Entre os otimistas (mas com cautela) aparecem as entidades setoriais dos ramos da construção civil e varejo, que esperam se abastecer de produtos com preços mais baixos. O presidente de uma grande entidade setorial dos varejistas, no entanto, disse que é preciso cautela. “O sinal que recebemos dos fornecedores é que a redução do imposto vai apenas suprir os aumentos que foram represados nos últimos meses”, disse.

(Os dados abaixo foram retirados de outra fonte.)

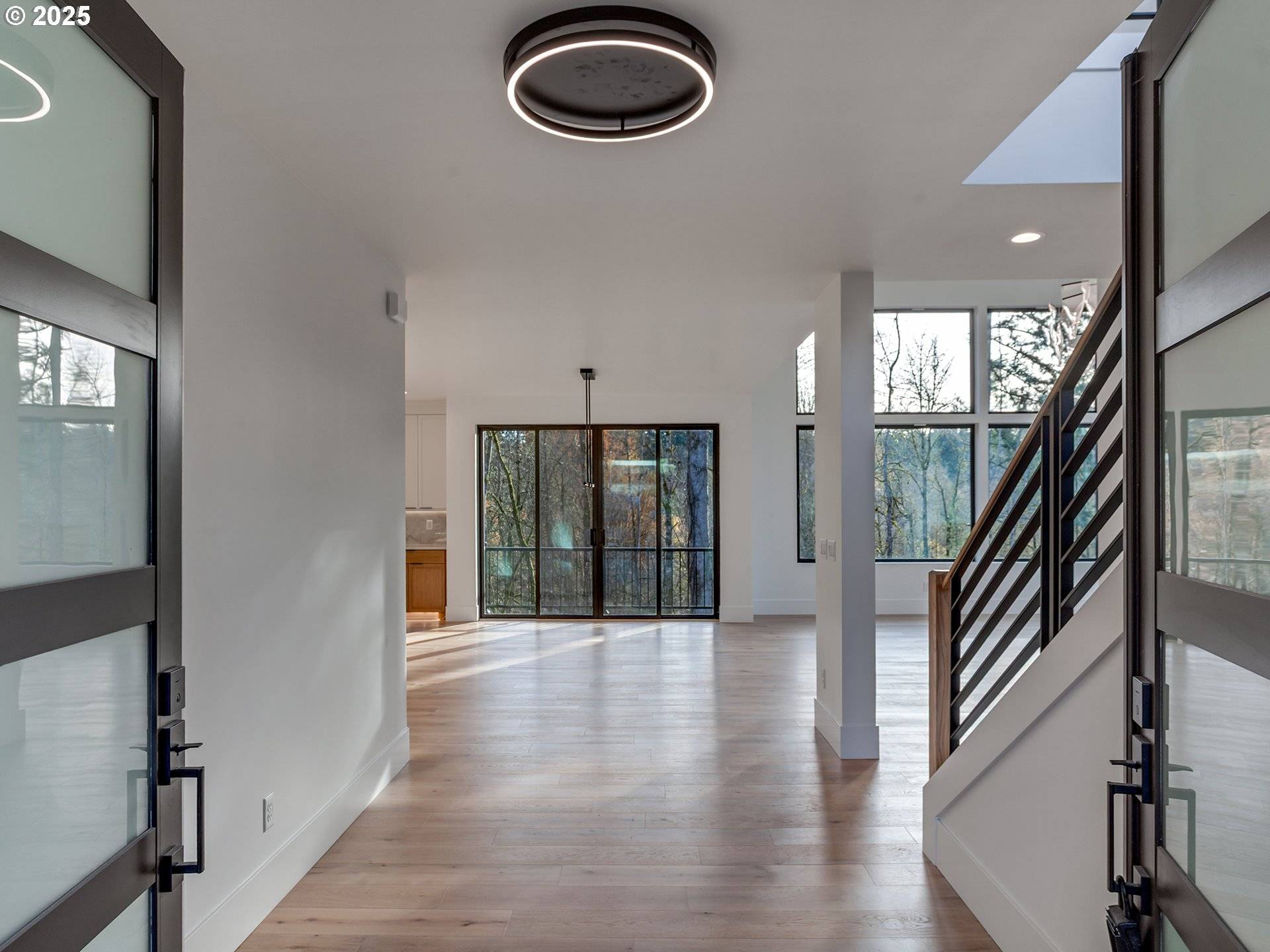 Lake Oswego, OR 97035,5010 PARK BLUFF PL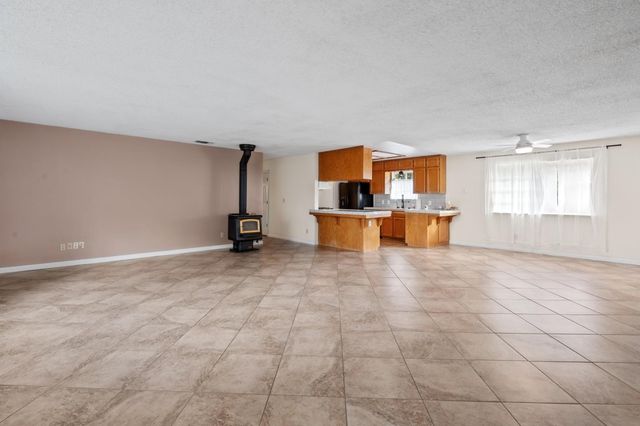 38570 Rustic Lane, Yokuts Valley, CA 93657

Célio Lembo, advogado tributarista e professor de macroeconomia da Universidade de São Paulo, afirma que a contenção da inflação, neste momento, está mais associada ao que definiu como “macrogerenciamento”. Na prática ele conta que é preciso criar movimentos grandes e que garantam estabilidade do País. Alguns exemplos seriam novas âncoras fiscais, comprometimento com as instituições democráticas, reforma tributária e desempenho melhor na diplomacia. “Esses são os sinais que acalmam o mercado dentro e fora do Brasil e injetam endorfina na economia.” O problema, segundo ele, é que o governo cria soluções paliativas para “jogar a culpa nos empresários que não baixarem os preços”. Agora, ao repensar a indagação de Hamlet tendo como cenário um Brasil empobrecido e apreensivo com o futuro, sobra apenas a resposta do cearense Belchior. “É bom mesmo tomar cuidado com quem entende do riscado/To be or not to be quer dizer ter ou não ter.”